Simple ruby setup on ubuntu
by Nick Gauthier on
Today I setup a new development machine. My preferred OS is Xubuntu, which is Ubuntu + XFCE (a light window manager). In the past I’ve used RVM and have been happy with it, except for one thing: compiling.
I used to use Gentoo, which is a linux distribution in which all software is installed by downloading the source and compiling. This is a brutal and intense introduction to linux, and I learned a hell of a lot using Gentoo in college. However, I feel like I’ve paid my dues in linux boot camp and now I want to simply install binary packages and have a ruby setup lightning-quick.

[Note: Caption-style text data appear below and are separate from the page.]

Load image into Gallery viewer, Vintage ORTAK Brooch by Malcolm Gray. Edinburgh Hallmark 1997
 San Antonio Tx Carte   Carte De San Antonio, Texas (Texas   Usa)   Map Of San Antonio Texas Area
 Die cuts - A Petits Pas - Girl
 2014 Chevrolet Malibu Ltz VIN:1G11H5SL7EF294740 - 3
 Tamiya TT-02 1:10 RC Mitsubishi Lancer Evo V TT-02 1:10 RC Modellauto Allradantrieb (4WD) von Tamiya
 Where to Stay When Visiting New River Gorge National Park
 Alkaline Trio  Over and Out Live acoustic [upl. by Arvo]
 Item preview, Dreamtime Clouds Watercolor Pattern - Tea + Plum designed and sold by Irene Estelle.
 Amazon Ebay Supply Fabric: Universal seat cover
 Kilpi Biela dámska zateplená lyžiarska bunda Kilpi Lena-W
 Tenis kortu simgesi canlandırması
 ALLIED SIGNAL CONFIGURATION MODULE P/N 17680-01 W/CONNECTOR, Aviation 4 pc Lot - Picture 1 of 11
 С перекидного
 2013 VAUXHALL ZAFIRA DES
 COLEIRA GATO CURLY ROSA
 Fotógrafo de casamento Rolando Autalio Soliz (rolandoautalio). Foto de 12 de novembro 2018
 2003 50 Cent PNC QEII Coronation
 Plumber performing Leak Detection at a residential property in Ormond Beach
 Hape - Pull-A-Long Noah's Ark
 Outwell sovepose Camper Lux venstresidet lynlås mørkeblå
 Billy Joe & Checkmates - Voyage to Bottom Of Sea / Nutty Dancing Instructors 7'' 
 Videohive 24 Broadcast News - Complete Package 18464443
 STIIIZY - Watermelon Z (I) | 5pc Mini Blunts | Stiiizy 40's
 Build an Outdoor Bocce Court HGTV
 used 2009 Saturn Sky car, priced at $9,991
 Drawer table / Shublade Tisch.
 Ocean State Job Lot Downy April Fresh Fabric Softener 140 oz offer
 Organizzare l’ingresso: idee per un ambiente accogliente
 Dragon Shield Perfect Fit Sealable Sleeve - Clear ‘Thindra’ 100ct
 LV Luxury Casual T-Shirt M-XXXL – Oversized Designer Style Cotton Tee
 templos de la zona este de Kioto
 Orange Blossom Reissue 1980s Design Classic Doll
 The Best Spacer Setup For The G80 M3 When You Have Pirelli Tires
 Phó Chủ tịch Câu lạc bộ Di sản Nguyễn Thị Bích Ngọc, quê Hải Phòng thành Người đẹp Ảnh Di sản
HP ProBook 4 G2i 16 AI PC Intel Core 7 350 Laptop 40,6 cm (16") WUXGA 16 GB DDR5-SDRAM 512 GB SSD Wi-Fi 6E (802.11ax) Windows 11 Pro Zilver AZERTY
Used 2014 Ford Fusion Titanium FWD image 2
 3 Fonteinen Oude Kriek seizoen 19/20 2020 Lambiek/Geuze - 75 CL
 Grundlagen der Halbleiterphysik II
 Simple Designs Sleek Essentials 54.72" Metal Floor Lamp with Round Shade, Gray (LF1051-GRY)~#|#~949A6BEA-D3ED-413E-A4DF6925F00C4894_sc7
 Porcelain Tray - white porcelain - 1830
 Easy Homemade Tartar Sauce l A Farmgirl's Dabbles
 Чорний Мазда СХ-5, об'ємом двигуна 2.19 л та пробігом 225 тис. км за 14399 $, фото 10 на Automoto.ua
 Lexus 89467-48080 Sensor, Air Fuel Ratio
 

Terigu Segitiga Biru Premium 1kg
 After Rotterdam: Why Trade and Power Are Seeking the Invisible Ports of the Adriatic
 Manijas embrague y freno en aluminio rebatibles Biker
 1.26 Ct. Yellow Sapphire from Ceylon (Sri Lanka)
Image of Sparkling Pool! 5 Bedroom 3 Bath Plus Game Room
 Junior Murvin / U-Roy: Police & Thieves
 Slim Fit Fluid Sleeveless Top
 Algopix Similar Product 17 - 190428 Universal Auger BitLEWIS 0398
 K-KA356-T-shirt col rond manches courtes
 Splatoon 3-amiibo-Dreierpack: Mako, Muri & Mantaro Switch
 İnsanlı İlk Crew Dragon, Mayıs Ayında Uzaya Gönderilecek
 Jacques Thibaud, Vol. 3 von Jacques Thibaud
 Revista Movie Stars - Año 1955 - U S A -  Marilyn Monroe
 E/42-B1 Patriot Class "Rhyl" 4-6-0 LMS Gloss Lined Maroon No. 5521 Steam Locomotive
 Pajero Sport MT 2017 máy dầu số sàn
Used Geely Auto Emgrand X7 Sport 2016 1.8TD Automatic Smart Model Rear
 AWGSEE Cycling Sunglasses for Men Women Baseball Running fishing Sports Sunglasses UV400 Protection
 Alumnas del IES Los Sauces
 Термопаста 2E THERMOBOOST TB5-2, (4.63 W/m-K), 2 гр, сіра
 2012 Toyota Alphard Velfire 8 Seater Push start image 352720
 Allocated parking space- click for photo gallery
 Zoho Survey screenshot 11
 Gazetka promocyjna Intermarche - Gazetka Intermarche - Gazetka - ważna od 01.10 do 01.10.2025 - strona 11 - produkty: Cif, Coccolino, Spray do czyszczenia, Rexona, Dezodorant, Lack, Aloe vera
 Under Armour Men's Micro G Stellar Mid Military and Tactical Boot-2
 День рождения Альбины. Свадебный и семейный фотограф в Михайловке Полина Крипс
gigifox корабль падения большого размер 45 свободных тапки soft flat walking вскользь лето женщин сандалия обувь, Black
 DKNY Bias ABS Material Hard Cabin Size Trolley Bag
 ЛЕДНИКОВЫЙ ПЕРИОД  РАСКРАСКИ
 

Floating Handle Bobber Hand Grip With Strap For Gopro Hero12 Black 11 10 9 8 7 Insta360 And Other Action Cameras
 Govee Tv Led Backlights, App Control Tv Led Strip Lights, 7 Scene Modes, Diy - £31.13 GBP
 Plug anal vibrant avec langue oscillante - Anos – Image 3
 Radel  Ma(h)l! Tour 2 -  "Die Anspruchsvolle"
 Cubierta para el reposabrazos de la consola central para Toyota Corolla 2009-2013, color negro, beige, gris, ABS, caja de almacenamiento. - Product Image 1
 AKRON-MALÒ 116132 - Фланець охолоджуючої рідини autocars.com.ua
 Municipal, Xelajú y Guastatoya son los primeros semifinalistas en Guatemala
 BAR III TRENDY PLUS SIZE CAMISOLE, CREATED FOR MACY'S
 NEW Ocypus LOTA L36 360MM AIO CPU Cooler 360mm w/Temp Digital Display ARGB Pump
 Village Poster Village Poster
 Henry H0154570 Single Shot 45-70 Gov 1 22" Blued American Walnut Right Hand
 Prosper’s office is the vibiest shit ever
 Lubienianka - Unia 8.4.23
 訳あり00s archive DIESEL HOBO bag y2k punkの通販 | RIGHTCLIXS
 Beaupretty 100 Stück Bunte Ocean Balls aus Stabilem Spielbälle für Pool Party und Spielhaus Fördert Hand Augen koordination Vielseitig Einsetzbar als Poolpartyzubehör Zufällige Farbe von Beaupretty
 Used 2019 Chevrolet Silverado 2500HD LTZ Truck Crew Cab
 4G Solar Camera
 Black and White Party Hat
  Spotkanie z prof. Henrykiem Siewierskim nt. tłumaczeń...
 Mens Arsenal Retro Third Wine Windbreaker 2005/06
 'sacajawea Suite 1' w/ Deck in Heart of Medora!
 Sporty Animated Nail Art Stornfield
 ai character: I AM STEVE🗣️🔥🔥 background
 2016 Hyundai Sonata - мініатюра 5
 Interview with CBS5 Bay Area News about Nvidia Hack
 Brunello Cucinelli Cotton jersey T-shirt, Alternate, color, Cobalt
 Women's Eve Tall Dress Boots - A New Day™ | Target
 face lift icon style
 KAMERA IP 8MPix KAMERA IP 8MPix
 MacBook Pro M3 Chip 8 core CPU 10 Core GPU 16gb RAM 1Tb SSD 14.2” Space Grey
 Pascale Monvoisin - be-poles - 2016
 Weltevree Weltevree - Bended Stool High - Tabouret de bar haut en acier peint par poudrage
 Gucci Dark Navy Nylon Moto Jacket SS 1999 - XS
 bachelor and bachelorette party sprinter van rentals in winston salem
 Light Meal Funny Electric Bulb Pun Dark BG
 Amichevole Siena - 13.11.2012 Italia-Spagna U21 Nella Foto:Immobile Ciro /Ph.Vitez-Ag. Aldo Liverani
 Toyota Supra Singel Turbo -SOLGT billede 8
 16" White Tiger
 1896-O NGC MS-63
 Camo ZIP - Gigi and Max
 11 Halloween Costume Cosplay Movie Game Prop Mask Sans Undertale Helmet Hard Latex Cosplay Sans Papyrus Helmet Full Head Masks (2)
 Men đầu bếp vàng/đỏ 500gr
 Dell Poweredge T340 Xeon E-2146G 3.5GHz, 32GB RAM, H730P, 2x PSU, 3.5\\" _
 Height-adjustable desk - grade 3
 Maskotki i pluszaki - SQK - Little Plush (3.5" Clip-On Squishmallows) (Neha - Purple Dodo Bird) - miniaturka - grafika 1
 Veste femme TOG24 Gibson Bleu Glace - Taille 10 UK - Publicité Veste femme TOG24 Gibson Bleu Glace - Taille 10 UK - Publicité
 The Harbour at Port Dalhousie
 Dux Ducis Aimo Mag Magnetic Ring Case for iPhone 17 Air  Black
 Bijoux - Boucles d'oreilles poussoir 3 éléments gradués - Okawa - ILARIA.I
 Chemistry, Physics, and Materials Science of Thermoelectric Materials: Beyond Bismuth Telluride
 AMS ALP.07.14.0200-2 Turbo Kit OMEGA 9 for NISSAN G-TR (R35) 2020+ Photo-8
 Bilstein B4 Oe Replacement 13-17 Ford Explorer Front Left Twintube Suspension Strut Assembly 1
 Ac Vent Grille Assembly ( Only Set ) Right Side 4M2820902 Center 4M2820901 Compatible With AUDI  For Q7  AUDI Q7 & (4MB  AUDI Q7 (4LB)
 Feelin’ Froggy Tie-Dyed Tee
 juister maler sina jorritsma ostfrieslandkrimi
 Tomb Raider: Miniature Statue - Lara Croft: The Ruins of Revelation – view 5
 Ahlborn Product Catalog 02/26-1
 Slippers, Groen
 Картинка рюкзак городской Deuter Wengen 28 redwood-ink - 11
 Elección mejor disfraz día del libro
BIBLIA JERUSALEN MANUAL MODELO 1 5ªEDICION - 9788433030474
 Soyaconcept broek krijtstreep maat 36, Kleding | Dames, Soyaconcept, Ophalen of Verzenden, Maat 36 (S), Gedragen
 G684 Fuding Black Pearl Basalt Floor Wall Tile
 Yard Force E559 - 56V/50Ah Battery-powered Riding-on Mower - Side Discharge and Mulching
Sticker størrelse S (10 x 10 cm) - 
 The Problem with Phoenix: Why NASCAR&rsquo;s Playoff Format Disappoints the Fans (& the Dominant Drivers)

So, here were my steps to get ruby (and postgres) setup:
Ruby
Install ruby, rubygems, a few dependencies and postgres: libxslt1-dev libxml2-dev build-essential g++ ruby1.9.1-dev postgresql libpq-dev.
Bundler and gem-scoping
The only remaining issue is how to manage sets of gems between projects. I chose to do something here which leverages one of bundler’s great features to achieve a halfway gemset solution. It is not exclusive of gems installed globally, but it gives priority to local binaries over global ones.
In your .bashrc (or whatever shell init script):
alias bundle-bootstrap="bundle install --binstubs=.bundle/bin --path=.bundle/gems" export GEM_HOME=$HOME/.gems export PATH=.bundle/bin:$GEM_HOME/bin:$PATH
The bundler alias will put binstubs (shell scripts that run a gem’s binary) into the current directory’s .bundle/bin
. It also says to store the gem sources in .bundle/gems
. This means that as soon as you leave this directory, it’s like those gems aren’t even installed!
The second line puts the current directory’s .bundle/bin
as the highest priority for finding binaries, followed by my home directory’s gems binary folder. This means that local gem binaries take precedent. That means no more bundle exec.
The third line sets up my gem home so if I just run gem install
they go to my home. This is where I put bundler, jekyll, heroku, etc.
Setting up a project
So, when I setup a new project, it looks like:
git clone git@github.com:user/repo.git cd repo bundle-bootstrap
Now everything is installed and setup. Binaries are available but don’t contaminate any other projects.
Hope this helps all my fellow linux rubyists on having a fast and clean ruby install!
xoxo @ngauthier
P.S.: if you need ruby 1.8.7, check out rbenv, which is now in APT as of 12.04. You can install ruby 1.8 from APT then use rbenv to switch rubies. I haven’t used it myself but it seems to be what people prefer.